## [WHAT IS REQUIRED]
Retype exactly what appears below from the line containing "Čore Čave Karvina" down to the line containing "Loser Coin - Chương 37 - Trang 13", keeping both end lines. Do not include pictures.

Dataset entries

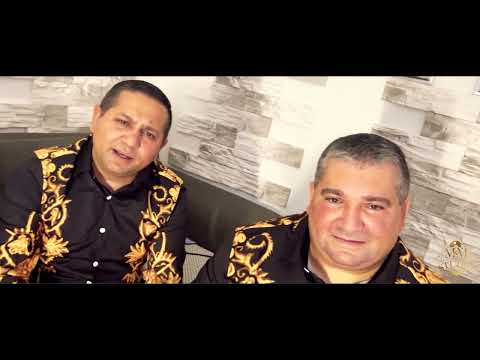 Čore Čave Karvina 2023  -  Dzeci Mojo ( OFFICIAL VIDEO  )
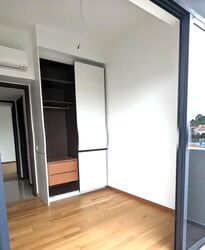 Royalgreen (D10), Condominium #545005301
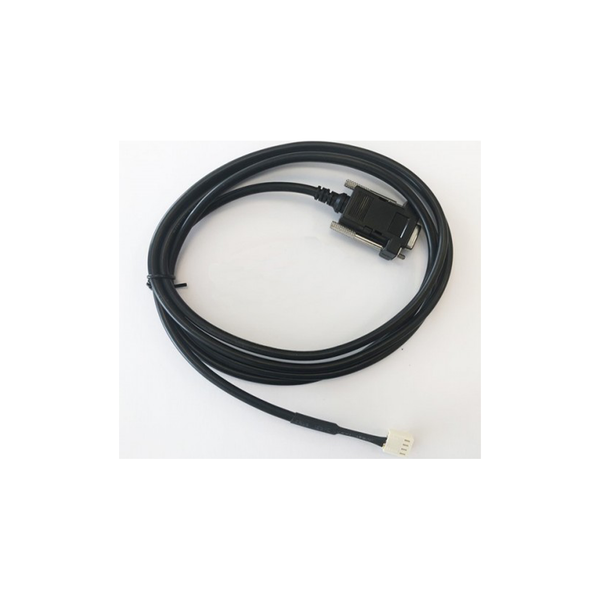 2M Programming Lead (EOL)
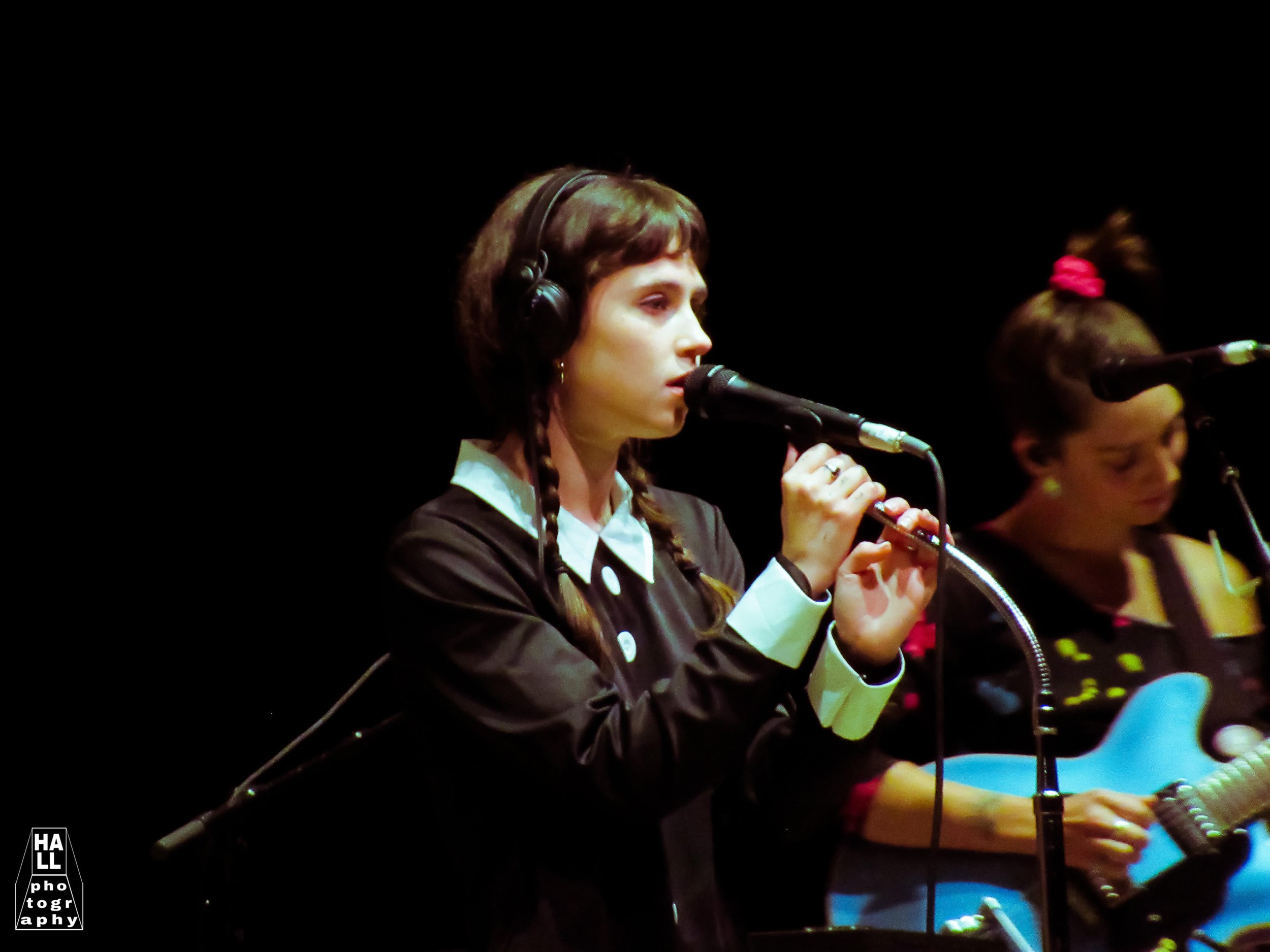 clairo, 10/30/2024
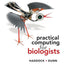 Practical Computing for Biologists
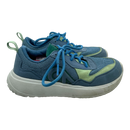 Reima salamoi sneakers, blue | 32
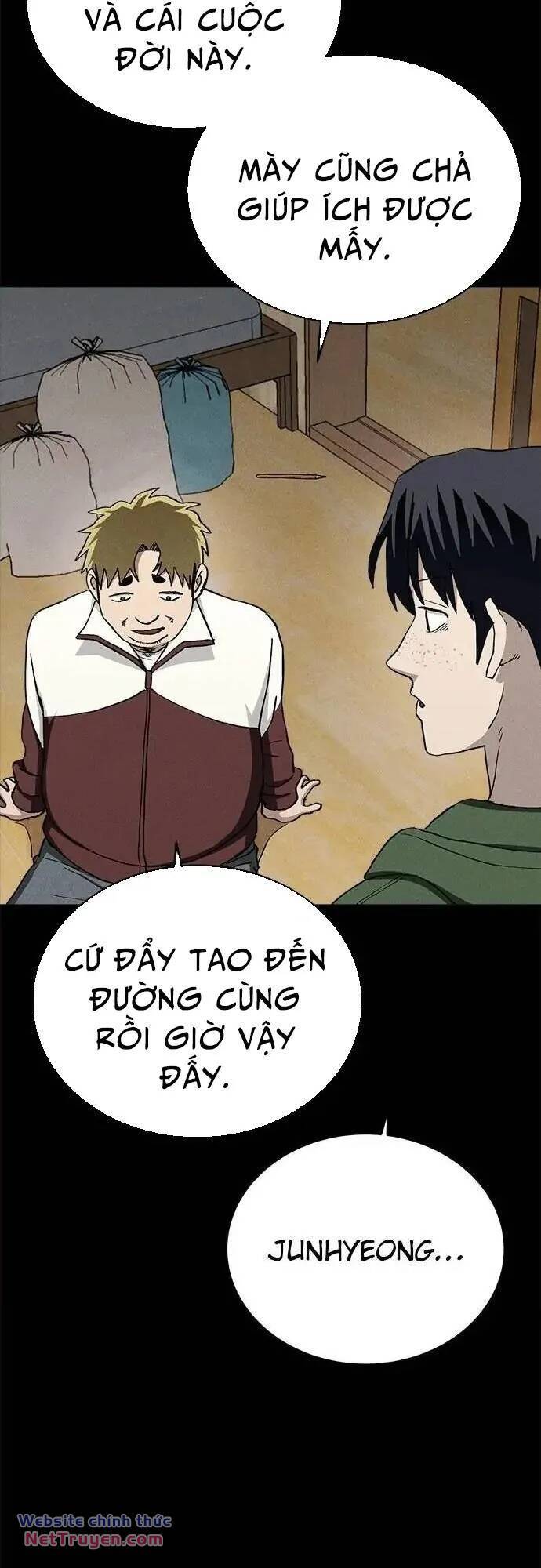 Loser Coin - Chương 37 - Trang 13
---
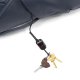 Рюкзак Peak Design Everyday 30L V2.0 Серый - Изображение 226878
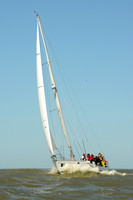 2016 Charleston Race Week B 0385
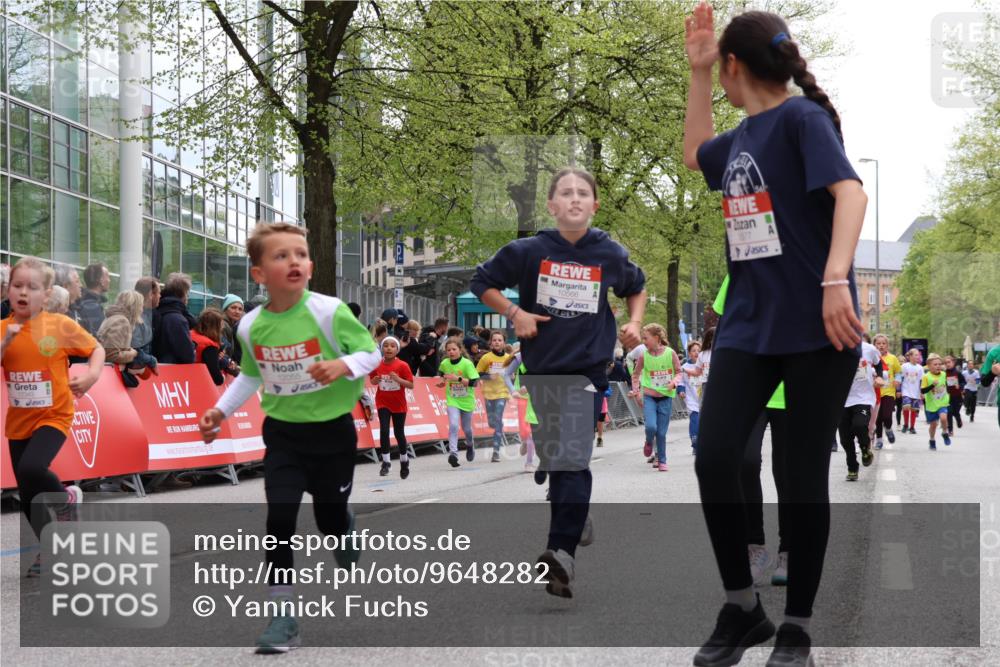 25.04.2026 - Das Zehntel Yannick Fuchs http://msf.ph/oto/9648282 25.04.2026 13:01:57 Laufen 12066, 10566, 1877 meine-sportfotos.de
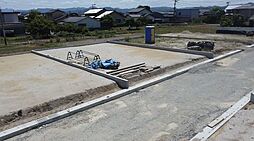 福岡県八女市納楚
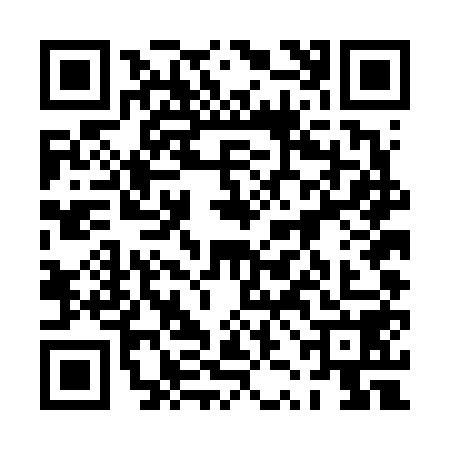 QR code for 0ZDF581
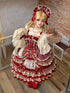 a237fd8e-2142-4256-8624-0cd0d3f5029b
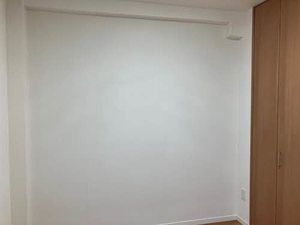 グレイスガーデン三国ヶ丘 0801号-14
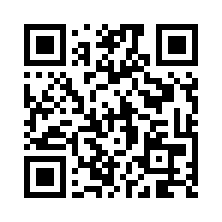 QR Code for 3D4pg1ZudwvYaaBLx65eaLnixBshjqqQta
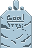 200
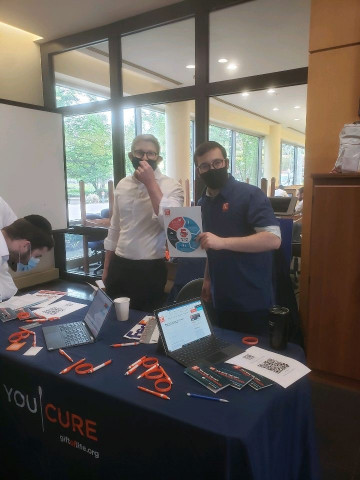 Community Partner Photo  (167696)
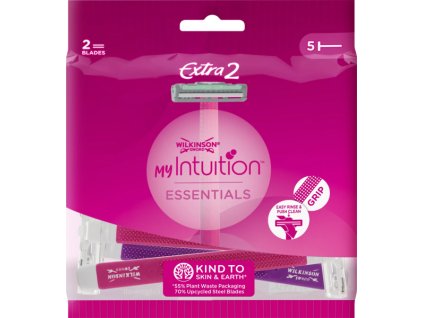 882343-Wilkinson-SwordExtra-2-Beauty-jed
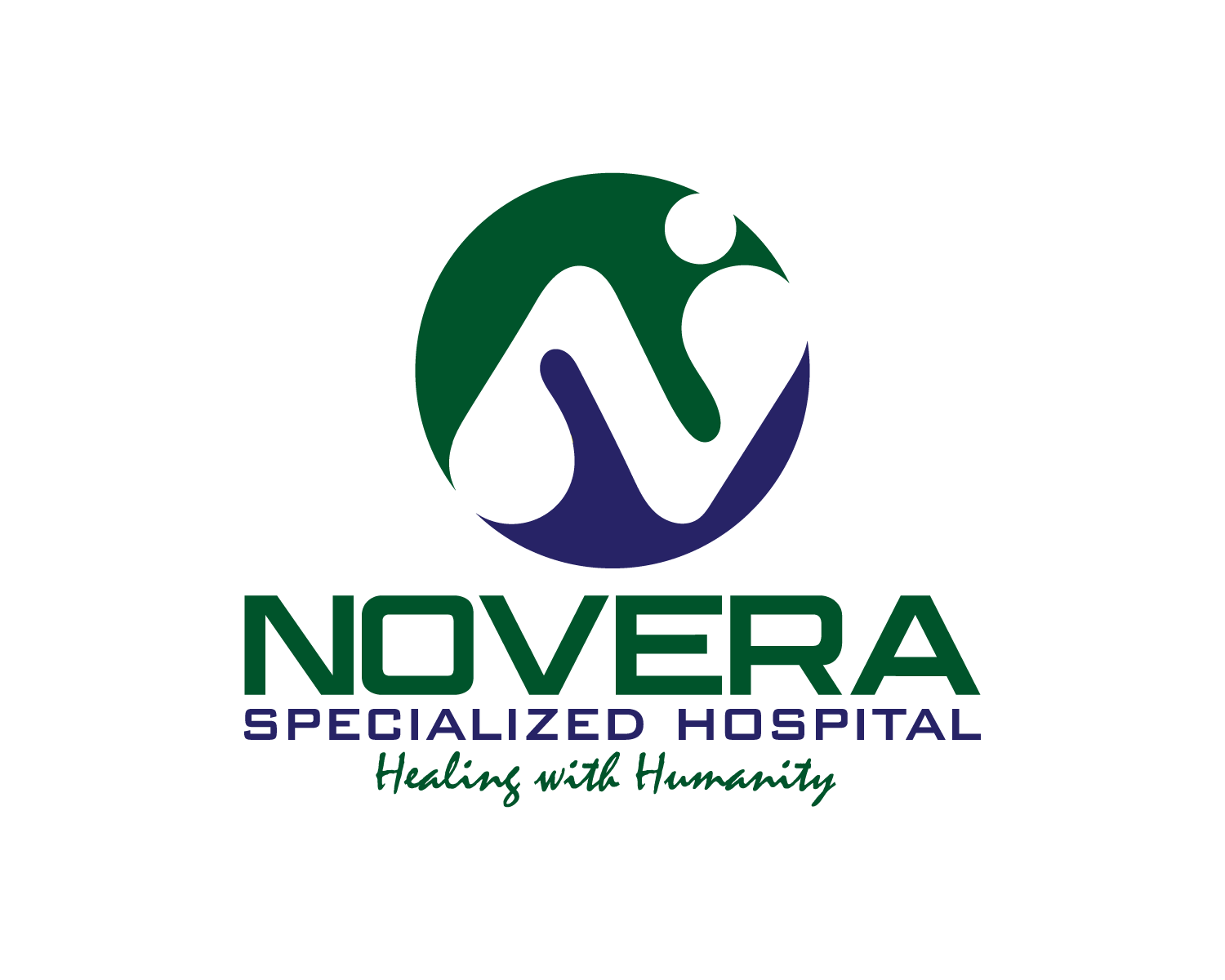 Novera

## [TASK ANSWER]
 Čore Čave Karvina 2023  -  Dzeci Mojo ( OFFICIAL VIDEO  )
 Royalgreen (D10), Condominium #545005301
 2M Programming Lead (EOL)
 clairo, 10/30/2024
 Practical Computing for Biologists
 Reima salamoi sneakers, blue | 32
 Loser Coin - Chương 37 - Trang 13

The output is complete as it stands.